[SUPPLIED MATERIAL]

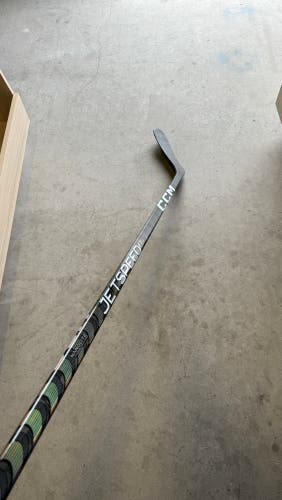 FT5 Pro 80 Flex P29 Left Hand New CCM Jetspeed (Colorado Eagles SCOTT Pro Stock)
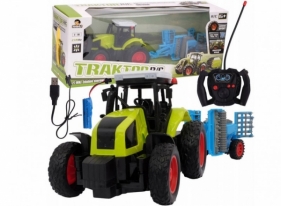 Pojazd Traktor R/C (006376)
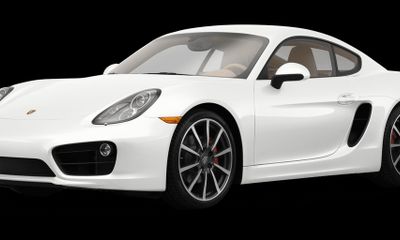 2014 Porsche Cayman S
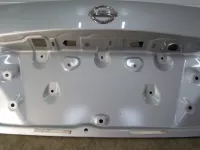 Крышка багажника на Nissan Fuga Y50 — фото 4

[/SUPPLIED MATERIAL]
[SUPPLIED MATERIAL]

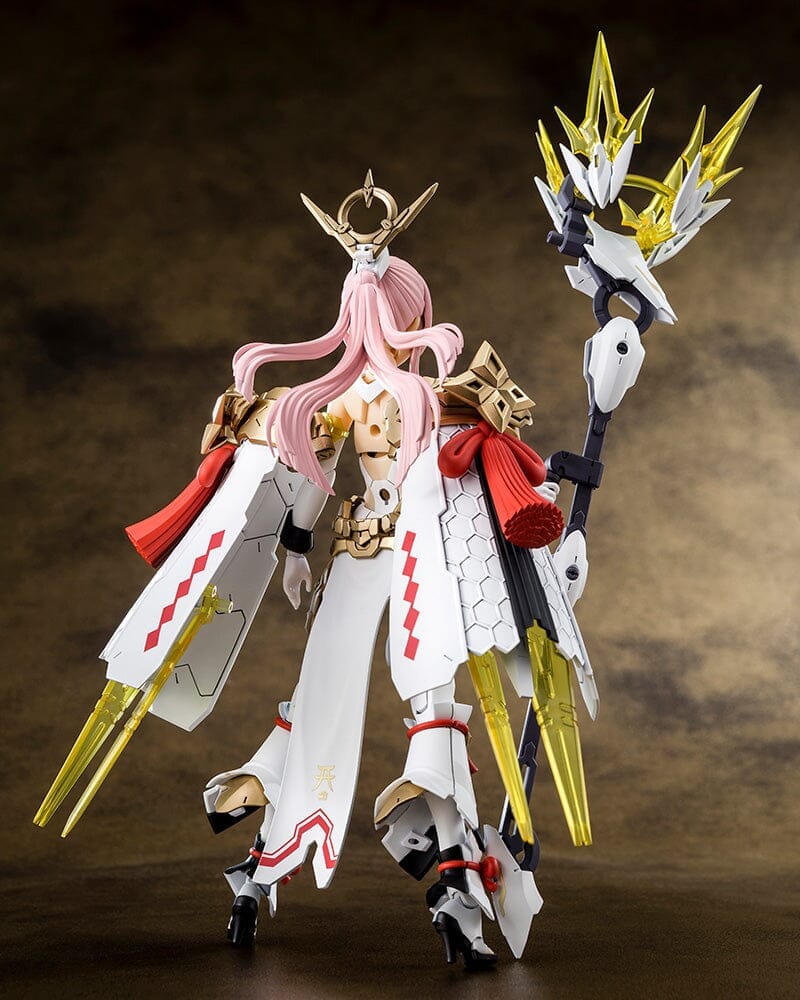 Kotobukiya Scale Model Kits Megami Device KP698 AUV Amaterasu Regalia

[/SUPPLIED MATERIAL]

PROMPT |
Only the lines starting at the one with "FT5 Pro 80 Flex" and ending at the one with "Крышка багажника на Nissan Fuga Y50 — фото 4" should be printed, each exactly as it appears in the material above; the pictures are to be omitted.

FINISHED EXERCISE |
 FT5 Pro 80 Flex P29 Left Hand New CCM Jetspeed (Colorado Eagles SCOTT Pro Stock)
 Pojazd Traktor R/C (006376)
 2014 Porsche Cayman S
 Крышка багажника на Nissan Fuga Y50 — фото 4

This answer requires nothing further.